LONDON (Reuters) - Tesco (TSCO.L), Britain’s biggest grocery chain, has pulled dozens of Unilever (ULVR.L) (UNc.AS) brand products from its website after a disagreement over prices in the wake of a partly Brexit-driven slump in the British currency.
The dispute between two of Britain’s best-known companies shows how the UK’s decision to quit the European Union has exacerbated tensions between suppliers and retailers, which are battling for profits as consumers are increasingly savvy about their shopping.
Unilever has been trying to raise the prices it charges Britain’s big four supermarkets - Tesco, Sainsbury’s (SBRY.L), Asda (WMT.N) and Morrisons (MRW.L) - across a wide range of goods by about 10 percent, saying it needs to offset the higher cost of imported commodities, two people with knowledge of the situation told Reuters.
One person with knowledge of the situation at a big four grocer said they had protested against Unilever’s demands, noting that some of the products they wanted to charge more for are actually made in Britain.
“What’s really a problem is when a supplier like Unilever comes and asks for across the board cost increases and there’s no negotiation, there’s no discussion.
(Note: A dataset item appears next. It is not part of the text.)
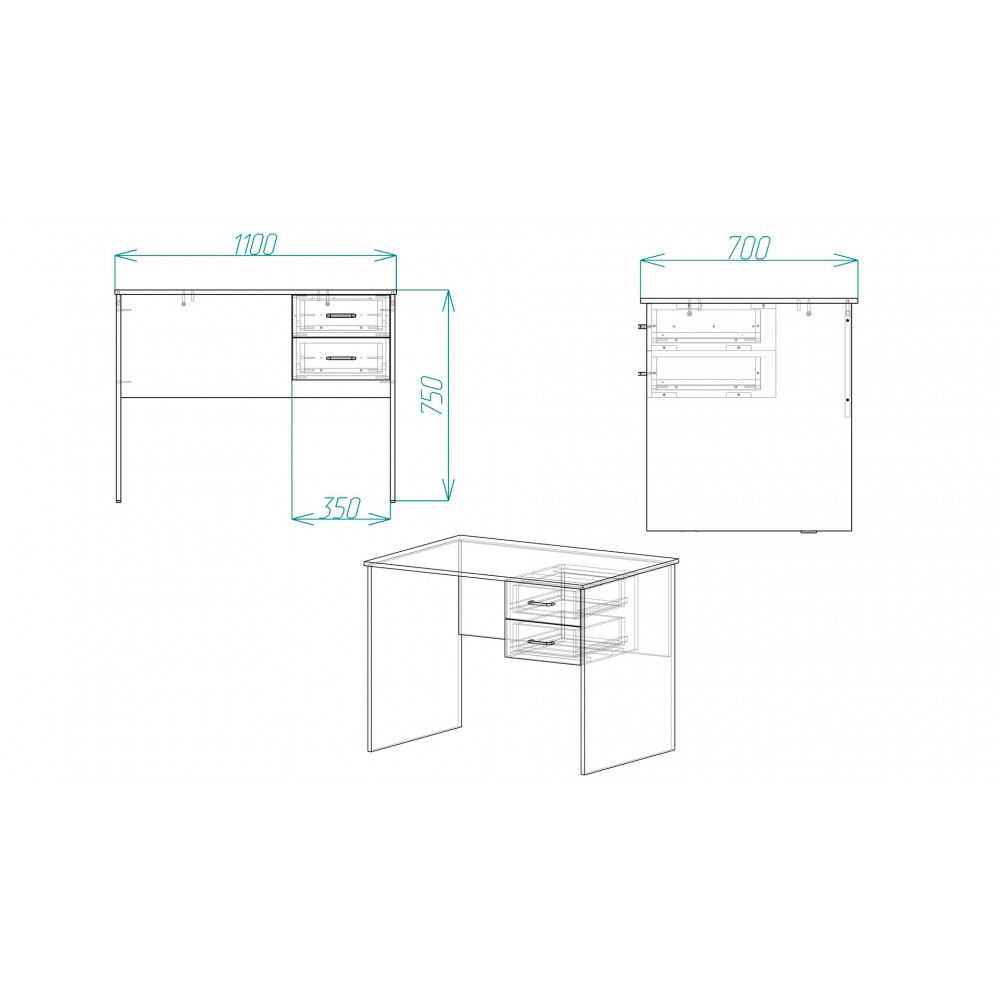 Стол компьютерный Винсент Ferrum-decor 750x1100x700 ДСП Белое 16 мм (FRD-104806)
That’s been the approach that’s upset the grocers,” he said, adding that no decision had been made whether to accept Unilever’s demand or delist some products.
As of Wednesday evening, Unilever products - including Marmite spread, Ben & Jerry’s ice cream, Lynx body spray and PG tips tea - were unavailable on Tesco’s website, but the shortage had not yet affected stores, a Tesco spokesman said.
“We are currently experiencing availability issues on a number of Unilever products. We always work to ensure customers get the best possible prices and we hope to have this issue resolved soon,” he said.
A spokesman for Unilever, which will report financial results on Thursday, declined to comment.
Last week, Tesco boss Dave Lewis, a former senior Unilever executive, hailed a transformed relationship with suppliers as a major factor in the grocer reporting a 60 percent rise in first-half profit and the setting of tougher profitability targets. But he indicated it was not a given that suppliers should be able to recoup the cost of the falling pound as they had not always passed on benefits when sterling was much stronger.
Since Britain’s shock Brexit decision in June its currency has plunged almost 18 percent against the U.S. dollar.
Most analysts and economists believe that sterling’s slump will lead to higher grocery prices, following years of deflation due to a price war between the big chains.
However, last month Mike Coupe, CEO of Sainsbury’s (SBRY.L), Britain’s No. 2 supermarket, said the currency’s depreciation would not necessarily lead to higher grocery prices, as it could be offset by lower commodities prices and stiff competition.
Three-quarters of British food manufacturers said they have seen an increase in the price of imported ingredients, according to a survey published earlier on Wednesday.
The average price for a basket of 35 commonly bought goods cost 83.19 pounds ($103.45) in September, according to price tracker mySupermarket.co.uk, up 57 pence from May, the month before the referendum.
Sainsbury’s and Morrisons declined to comment. Asda could not be immediately reached for comment.